Here is a constant-$R_0$ baseline model *for an unconstrained outbreak*, only fit to data until mid-March. This shows a projection of what would have happened if interventions had not been put in place, and making the model assumptions listed above:

In [None]:
SEIR_parameters = SEIRModel.calibrate_parameters(0.26, 6.5, 0.71)
SEIRObs_parameters = {'f_cdr':0.044, 'f_cfr':0.33,
                      'cv_detect':1/3, 'T_detect':11,
                      'cv_resolve':1/3, 'T_resolve':9,
                      'cv_death':1/5, 'T_death':10,
                      'early_growth_rate':0.26,
                      'mean_generation_time':6.5,
                      'lat_fraction':0.71,
                      'initial_state':SEIR.make_state(S=6.64e7, I=1)}
print('SEIR model parameters:', SEIR_parameters)
unc_model = SEIRObsModel(start_date='2020/02/01', **SEIRObs_parameters)
unc_model.fit(ts.confirmed[ts['phase']=='unrestricted'],
                 ts.recovered[ts['phase']=='unrestricted'],
                 ts.deaths[ts['phase']=='unrestricted'],
                 2*365//3, weights=[1., 0., 0.])
sim_baseline = unc_model.predict(2*365//3)
sim_baseline.to_csv('simdata/sim-baseline-parameters.csv')
plot_simulations({'Unconstrained baseline': sim_baseline},
                 ts[ts.phase=='unrestricted']);

Under this scenario there are about half a million deaths in total.

### Simulate lockdown

Now we assume $R_0$ linearly declines from around 10 March to 26 March.

In [None]:
R_0_final = 1.2
R_0_ld = piecewise_linear_R_0_profile(['2020/03/10', '2020/03/26'],
                                      [unc_model.R_0(0), R_0_final],
                                      sim_baseline)
ld_model = SEIRObsModel(start_date=unc_model.start_date,
                        **SEIRObs_parameters)
ld_model.R_0 = R_0_ld
sim_ld = ld_model.predict(2*365//3)
assert ((sim_baseline.index - sim_ld.index).to_series().dt.days==0).all()
sim_ld.to_csv('simdata/sim-lockdown-final-R0-{}.csv'.format(R_0_final))
_, (axt, axb) = plt.subplots(2, 1, figsize=(12, 16),
                             gridspec_kw={'height_ratios': [1, 3]})
plt.sca(axt)
plt.plot(sim_baseline.index, R_0_ld(range(len(sim_baseline))))
plt.ylim(0, None)
plt.ylabel('$R_0(t)$')
plt.xlabel('Date')
plt.xticks(rotation=90)
plt.title('$R_0$ profile')
plot_simulations({'UK lockdown': sim_ld,
                  'Unconstrained baseline': sim_baseline}, ts, ax=axb)
axb.set_title('Projections')
plt.subplots_adjust(hspace=0.5)

Notice that the peak is brought slightly forward, but is most importantly a lot lower.
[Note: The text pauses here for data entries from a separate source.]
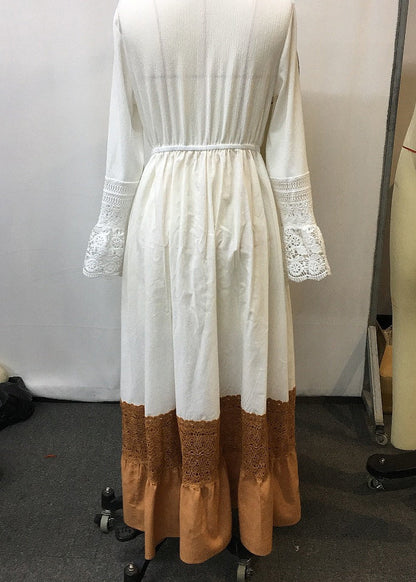 Beige Hollow Out Tunic Maxi Dress Summer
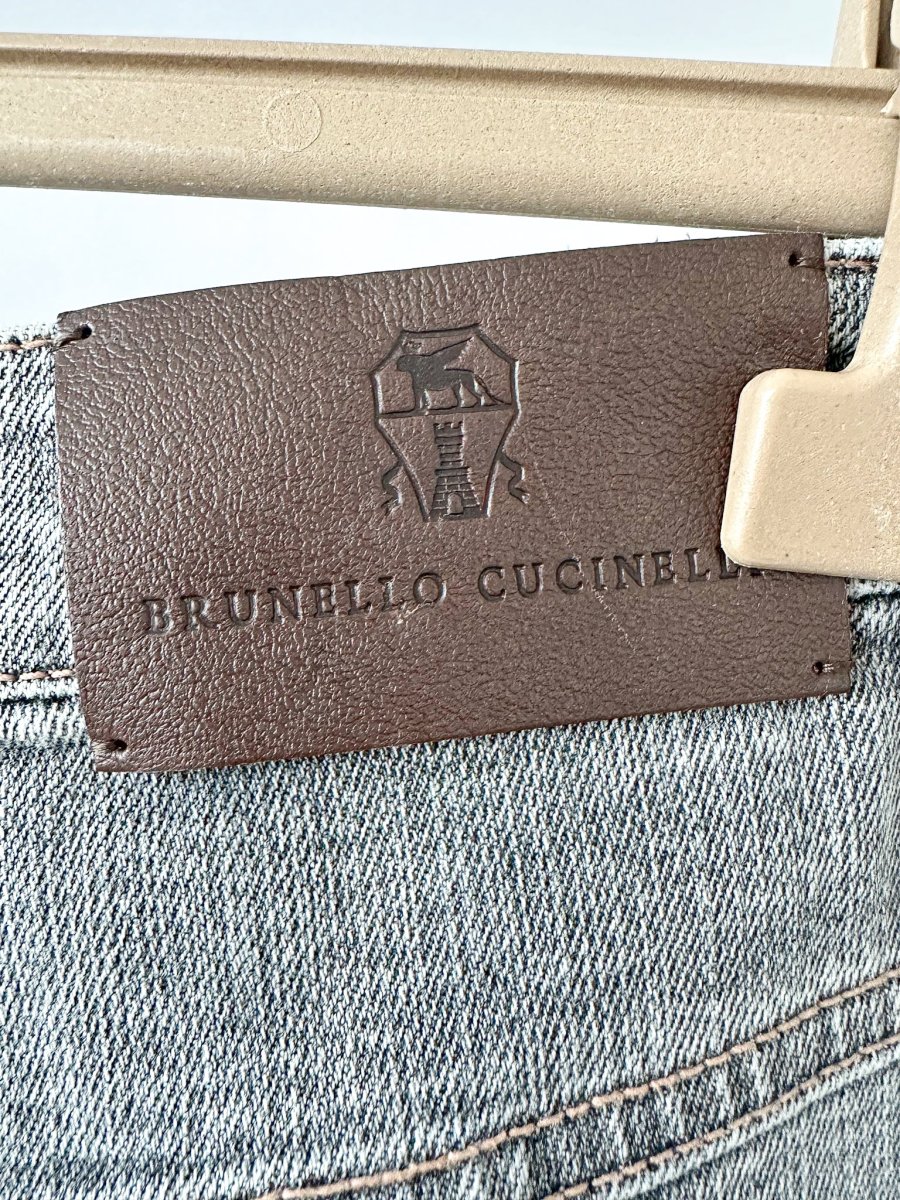 Brunello Cucinelli Grey The Boyish Tapered Hem Jeans - Imagen 7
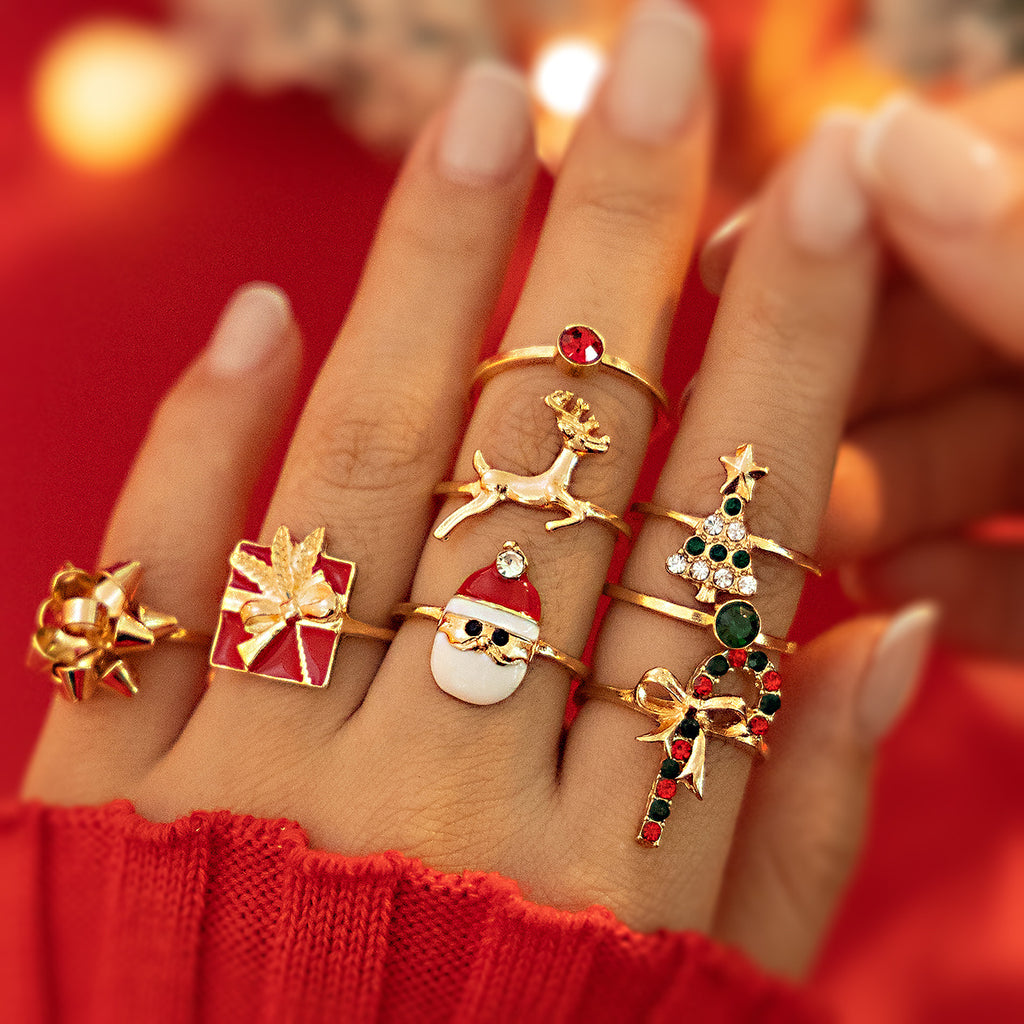 Christmas Candy Deer Ring Set Creative Holiday Gift Santa Claus Ring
According to this projection, the total number of death is likely to be around 15,000 (if the lockdown were to persist until mid-summer). Furthermore, the daily death rate (averaged for timing jitter) should peak at around a few hundred in early-to-mid April and then decline. These don't look that far off current government estimates.

## Interactive plot

Here is an interactive version of the above code, to allow you to play parameters directly (N.B. this won't appear in the HTML export of this notebook). The $R_0$ profile is also charted below. The controls allow you to release the lockdown on a specified date, after which $R_0$ linearly ramps up to its original value over a specified number of weeks.

In the charts below, the lockdown period is shaded red and the lockdown release period is shaded green.

In [None]:
last_simulation = interactive_simulation(ts)
display(last_simulation)

In [None]:
last_simulation.result

## Still to-do
* Comparison to alternative scenarios where the case detection rate is a lot lower than assumed in government estimates.
* Projection of what may happen under different lockdown lifting strategies (e.g. a sudden lifting of all restrictions after 3 months, a linear increase in $R_0$ after 3 months, etc).
* Use the above to estimate how slowly $R_0$ can be increased back to its "natural" level in order to implement a "mitigate" strategy while keeping daily cases/deaths at an acceptable level.
* Sensitivity analysis to model parameters - in particular the latency proportion and the gamma shape parameters (can these be dropped?).